“Top” Connecticut Advisor Suspended
Updates in paragraph four with comments from Rafal’s spokesman and to note the payments had been refunded in paragraph six.
The dangerous thing about judging advisors by assets under management is that the numbers don’t always tell the whole story.
Take John W. Rafal of Old Lyme, Conn. who for a decade has been on “Barron’s” roster of top 100 independent brokers and in August vaulted to Number 6 in the country and Number 1 in Connecticut. He oversees more than $4 billion of assets under management, the ranking says.
Last month, the Connecticut Department of Banking weighed in with its own assessment. Rafal built his business by engaging in “dishonest or unethical” practices, according to a consent order he signed with the regulator.
A spokesman for Rafal noted that the charges stem from a one-time event, and the consent order does not characterize the history of the firm as involving dishonest practices. He said that since founding the firm in 1982, Rafal had a “perfect regulatory record” until this charge.
Rafal, the founder and CEO of Essex Financial Services, which is owned by a savings bank, arranged to pay an annual fee of $50,000 to a local lawyer who referred a multi-million dollar investment advisory account to Essex.
Rafal knew that the lawyer was not licensed as an investment adviser, making him ineligible to receive a referral fee. Rafal nevertheless ordered Essex’s chief compliance officer to begin paying the lawyer, and mischaracterized the payments as being for nonexistent legal services. The attorney returned the roughly $25,000 that he had been paid thus far as part of the agreement in April 2013, according to the consent order.
Rafal was fined $25,000 and suspended by the state regulator for 15 days. Essex Financial, which was fined $25,000 for failing to supervise Rahal after bringing the issue to the state’s attention, subsequently fired Rafal, according to a regulatory filing. A person answering Essex Financial’s phone confirmed that he is no longer with the firm.
In a letter to clients cited by “The Day” a local paper, Essex Financial disclosed that Rafal is being investigated by the Securities and Exchange Commission over the issue.
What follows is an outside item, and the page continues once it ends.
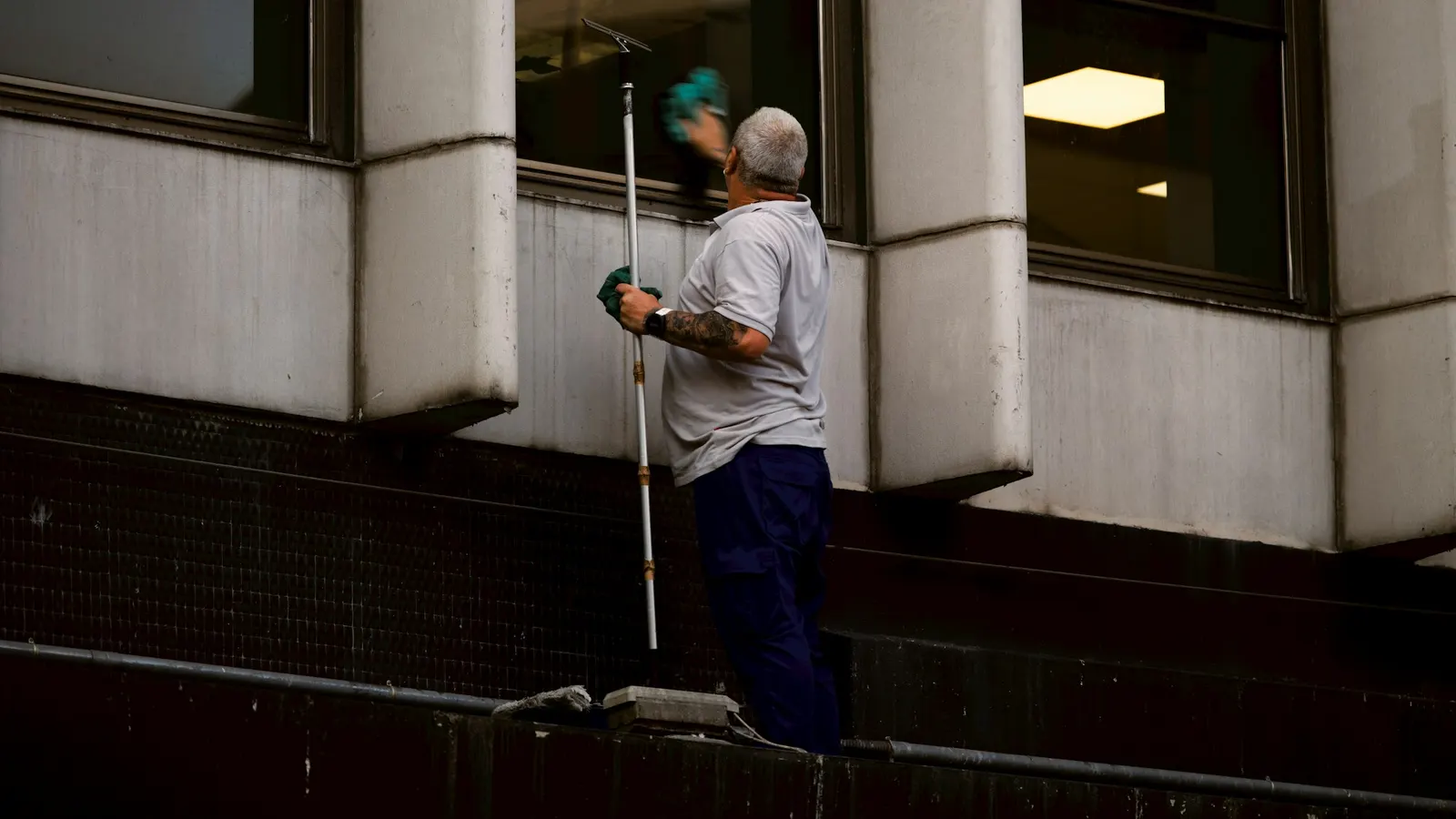 Window cleaner pulling a long squeegee across the glass exterior of a building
The paper also reported that the lawyer who was not a registered investment adviser was fined $3,500 by Connecticut for accepting the payment.
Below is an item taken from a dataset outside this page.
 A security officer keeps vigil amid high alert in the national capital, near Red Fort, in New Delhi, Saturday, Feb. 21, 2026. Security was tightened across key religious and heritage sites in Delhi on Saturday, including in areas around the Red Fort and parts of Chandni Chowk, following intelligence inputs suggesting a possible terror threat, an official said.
The incident that stained Rafal after 40-plus years in the wealth management industry has been “blown way out of proportion” he told the “The Day.” He settled to avoid further litigation after already paying about $50,000 in legal fees, he said.
Essex Financial oversees $2.8 billion in discretionary and nondiscretionary accounts as an investment adviser, according to an SEC filing. It also operates as a broker-dealer, clearing through Pershing Financial Services.